Эта фраза на многие годы стала нашим с ней паролем, пропуском в мир добрых отношений и трогательных воспоминаний.
- Баба, вари манную кашу!
А в ответ – тишина…
Прости меня, бабушка.



***
Бабушка получала ежемесячную пенсию 45 рублей. Наверняка какие-то реформы за годы ее, как тогда говорили, заслуженного отдыха проводились. Однако любая инициатива по усовершенствованию общественных и бюджетных правоотношений, затеянная, как водится на Руси благородными и просвещенными правителями, почему-то очень скоро теряла привлекательность, причем даже для тех, кто ее ранее так азартно начинал продвигать. Выявлялись непреодолимые обстоятельства, почему-то ранее не учтенные коллективами научных разработчиков, грубые ошибки в проведении социальной политики, элементарные арифметические просчеты. Инициатива гасла, как фитилек керосинной лампы, в удушливой атмосфере бюрократизма и замаскированной чиновничьей вседозволенности. В остатке у бабушки опять оказывались  те же 45 рублей, хотя они  формально могли называться 60 рублями или даже, как потом оказалось, десятками и сотнями тысяч рублей. Бабушка не особенно стремилась вникать в механизмы начисления пенсии. Она знала, что ей полагается 45 рублей. Так оценило государство ее трудовые заслуги. У нее, наверное, имелась перспектива получить рублей десять сверх начисленной суммы.
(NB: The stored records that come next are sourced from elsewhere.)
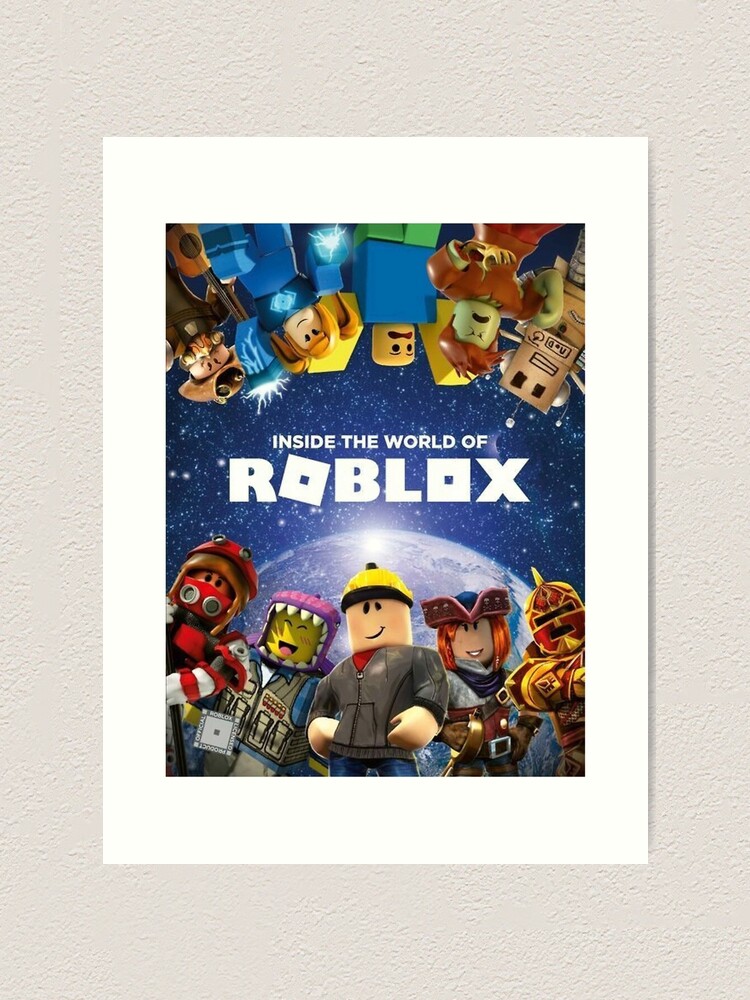 Inside The World Of Roblox Games Art Print By Buhwqe Redbubble - roblox framed art print by minimalismluis redbubble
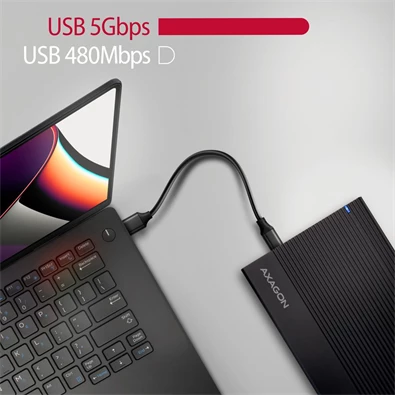 Axagon EE35-GTR USB-C 3.2 Gen 1 SATA 6G 3,5" fekete HDD/SSD ház Axagon EE35-GTR USB-C 3.2 Gen 1 SATA 6G 3,5" fekete HDD/SSD ház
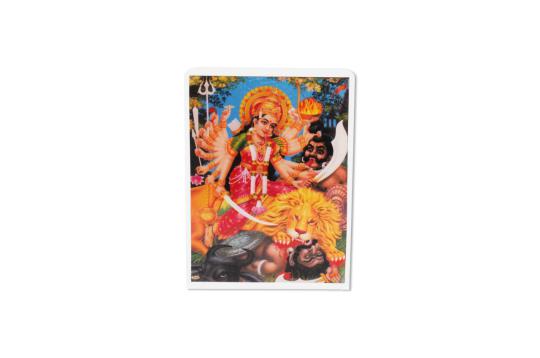 Goddess Mahishasura Mardhini Glittering Photo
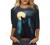 Women 3/4 Sleeve Tops Casual Tie Dye Graphic Tee Shirts Summer Crewneck Sweatshirt Loose Fit T Shirts Tunic Blouses
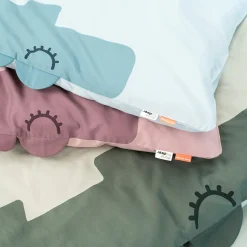 Bedlinen baby - Sleepy Croco - Powder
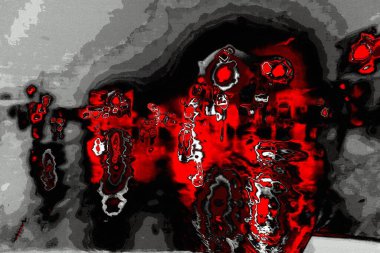 Gece lambaları. Kasıtlı hareket bulanıklığı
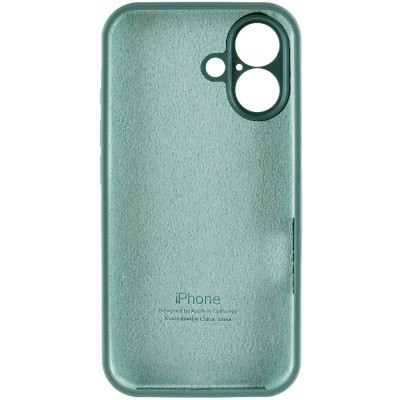 Чохол Silicone Case Full Camera Protective (AA) для Apple iPhone 16 Plus (6.7") Зелений / Pine green Чохол Silicone Case Full Camera Protective (AA) для Apple iPhone 16 Plus (6.7") Зелений / Pine green
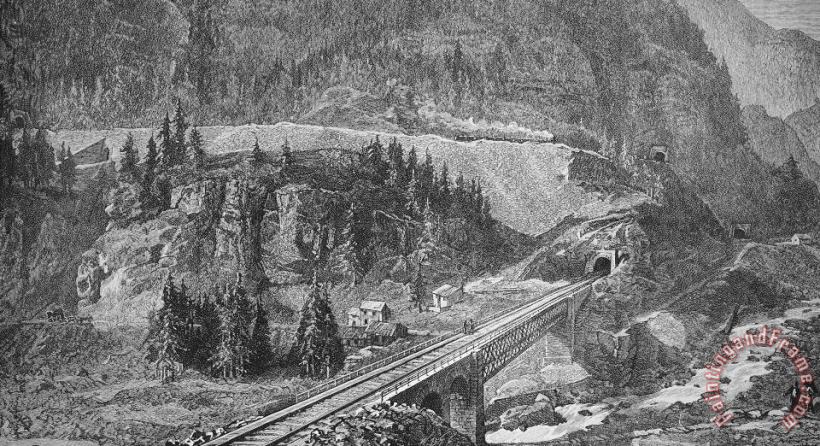 Saint Gotthard Tunnel painting - Others Saint Gotthard Tunnel Art Print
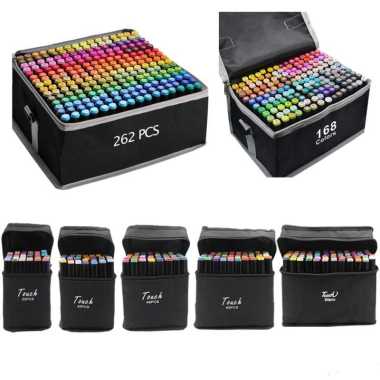 FG TouchFive 24/36/48/60/80 Warna Sketsa Spidol Umum General Marker Set Animation Markers / Twin Mar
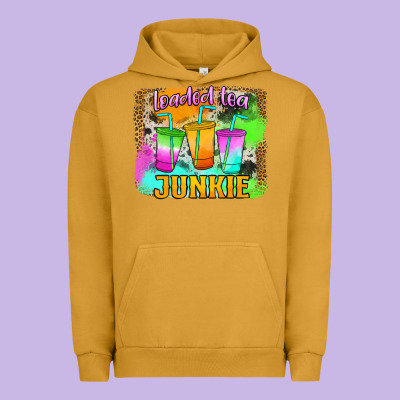 Loaded Tea Junkie Urban Hoodie Designed By Jasminsmagicworld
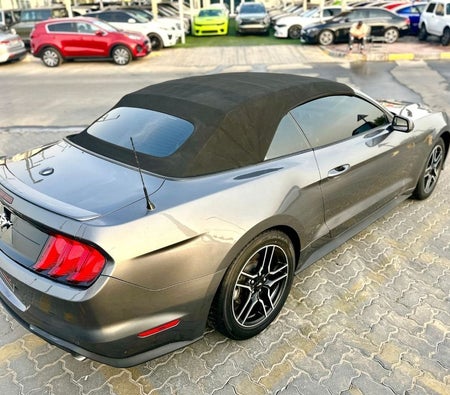 Gray Ford Mustang 2021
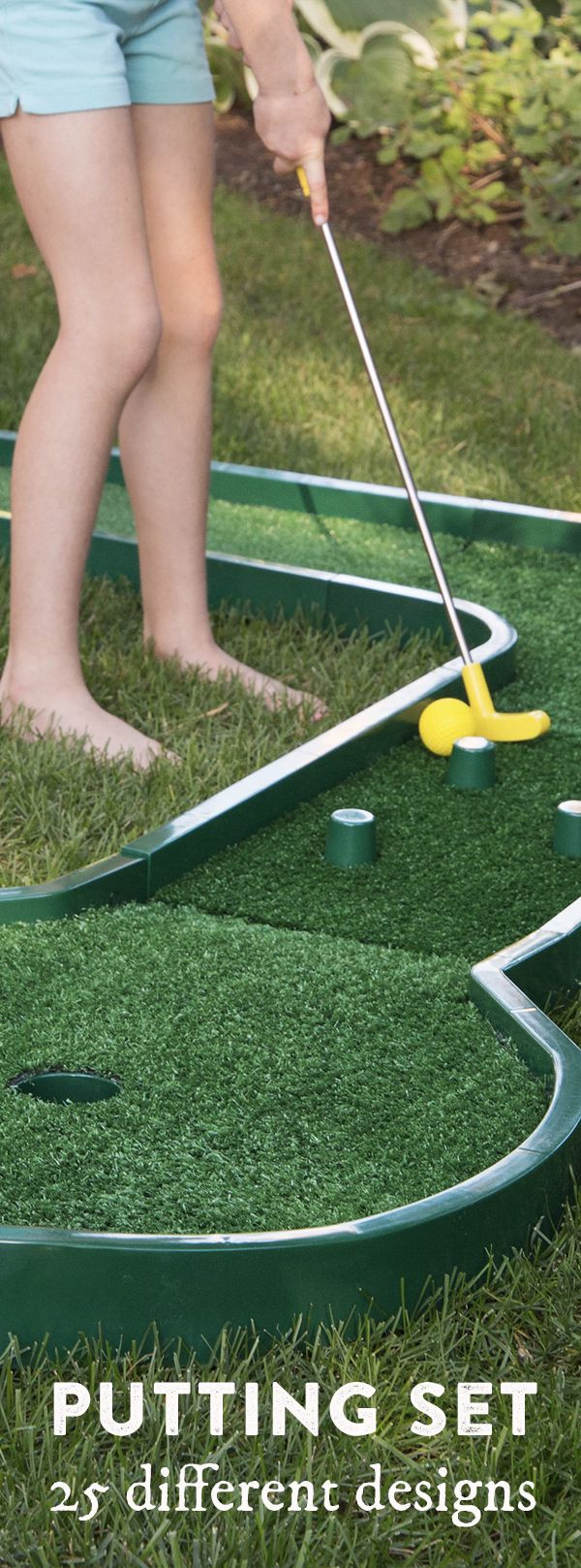 Backyard Miniature Golf
 Mini golf is as close as the next room—or the backyard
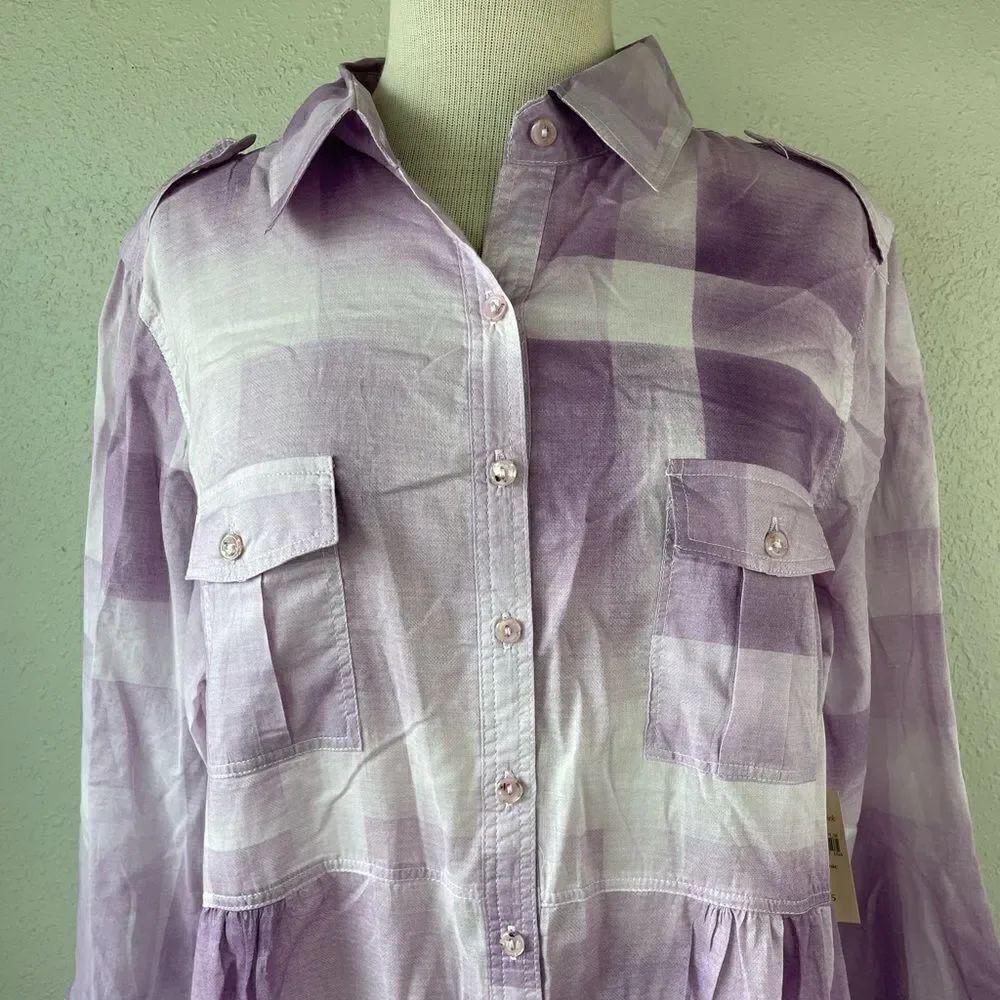 NWT Coldwater Creek Button Down Shirt Size XL - Picture 2 of 9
Однако она не предпринимала никаких усилий, чтобы восстановить трудовой стаж. Так как считала, что документы тех организаций, где она работала до начала Великой Отечественной войны, сгорели во время фашистской оккупации. Какие такие территории? И где бабушка  находилась до начала Второй Мировой войны? Я спросить не догадался. А сама она более ничего не рассказывала. Бабушка, наверное, могла оформить опекунство надо мной, чтобы иметь ту же верную дополнительную рублевую десятку. Однако ходить по инстанциям она не умела и не любила. Одним словом, никуда не обращалась. Тем самым на десятилетия вперед обеспечила себе пенсионную стабильность. 
45 рублей – на двоих.
Бедновато. Несмотря на наличие большого огорода.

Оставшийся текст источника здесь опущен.